She was no longer unimportant, little, old maid Valancy Stirling. She was a woman, full of love and therefore rich and significant—justified to herself. Life was no longer empty and futile, and death could cheat her of nothing. Love had cast out her last fear.... Barney need never know it—though she would not in the least have minded his knowing. But she knew it and it made a tremendous difference to her. Just to love! She did not ask to be loved. It was rapture enough just to sit there beside him in silence, alone in the summer night in the white splendour of moonshine, with the wind blowing down on them out of the pine woods.
In the first chapter of the book club, I made a post about Valancy following the patriarchal idea that it should hurt her that a man has never desired her, making her an old maid.
Here, though, we see this flip on its head. Whereas before she "did not mind so much being an old maid" where she is not married, here Valancy is throwing off the patriarchal description altogether. It doesn't matter that she is just as unmarried and undesired (to her knowledge) as before. She is the one who has experienced love and desire for Barney. It is her own feelings, "justified to herself" which throws off any shame or hurt she has of being an unmarried, undesired woman.

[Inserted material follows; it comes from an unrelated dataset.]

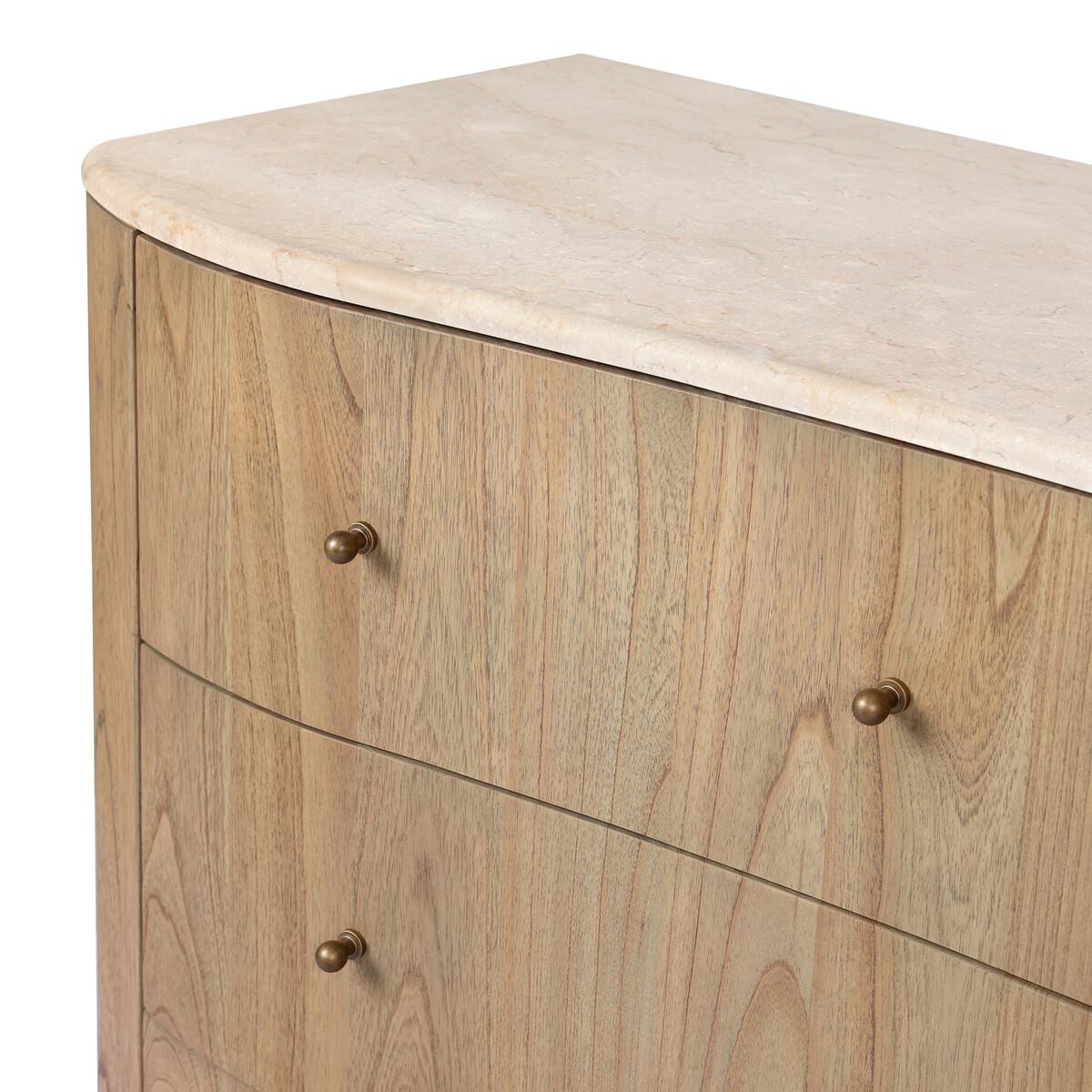 Close up of Four Hands Boa 6 Drawer Dresser in Sandy Mindi Veneer on a white background at Addison West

We see this play out in her exchange with Olive as well. She fully admits to her cousin that Barney hasn't tried to kiss her, but she "wouldn't have minded if he had." It isn't shameful for her to admit that she's still undesired and that she would accept Barney if he had desired her, even without a proposal prior to make it all "proper" as the Stirlings would have wanted.
Yeah this is is so interesting— I don’t think I realized until today that an important part of Valancy’s coming to grips with desire is being so wholly unshaken by the desires of others for the first time in her life. What does Olive want? Irrelevant, it can’t move Valencey. Is it hurtful that yet another man doesn’t want her? Absolutely not. Her own desire is enough for her and I think— given that Valancy mentions she wasn’t sure she loved her own mother— it must have been a relief to her to know that she can love in the way that she wanted to.